> **Assignment**
Would you please copy the part of the material below that opens with the line containing "Gradi Kurtuluş меню" and closes with the line containing "Apple Watch Series 10 Oceanic+ app."? Copy it exactly, and only it.

** Material provided follows **

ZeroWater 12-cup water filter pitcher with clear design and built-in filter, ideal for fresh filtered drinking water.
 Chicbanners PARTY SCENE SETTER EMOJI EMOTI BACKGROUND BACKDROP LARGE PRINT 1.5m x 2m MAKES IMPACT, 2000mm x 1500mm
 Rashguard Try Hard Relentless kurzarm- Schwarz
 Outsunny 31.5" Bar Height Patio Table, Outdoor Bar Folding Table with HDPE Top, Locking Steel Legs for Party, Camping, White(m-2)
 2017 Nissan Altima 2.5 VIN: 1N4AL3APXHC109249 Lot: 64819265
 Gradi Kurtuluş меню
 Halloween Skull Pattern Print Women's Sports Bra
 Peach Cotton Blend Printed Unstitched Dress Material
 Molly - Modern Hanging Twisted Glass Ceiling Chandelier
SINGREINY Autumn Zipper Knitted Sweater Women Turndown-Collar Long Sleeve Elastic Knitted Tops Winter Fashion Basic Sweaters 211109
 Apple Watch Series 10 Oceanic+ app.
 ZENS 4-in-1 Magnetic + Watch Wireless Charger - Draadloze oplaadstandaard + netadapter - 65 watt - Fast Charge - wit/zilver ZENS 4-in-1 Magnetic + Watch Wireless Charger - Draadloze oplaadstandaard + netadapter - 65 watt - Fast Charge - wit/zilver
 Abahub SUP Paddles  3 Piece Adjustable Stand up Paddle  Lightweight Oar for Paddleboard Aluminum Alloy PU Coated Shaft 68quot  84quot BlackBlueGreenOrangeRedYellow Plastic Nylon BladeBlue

** End of Material provided **

> **Task answer**
 Gradi Kurtuluş меню
 Halloween Skull Pattern Print Women's Sports Bra
 Peach Cotton Blend Printed Unstitched Dress Material
 Molly - Modern Hanging Twisted Glass Ceiling Chandelier
SINGREINY Autumn Zipper Knitted Sweater Women Turndown-Collar Long Sleeve Elastic Knitted Tops Winter Fashion Basic Sweaters 211109
 Apple Watch Series 10 Oceanic+ app.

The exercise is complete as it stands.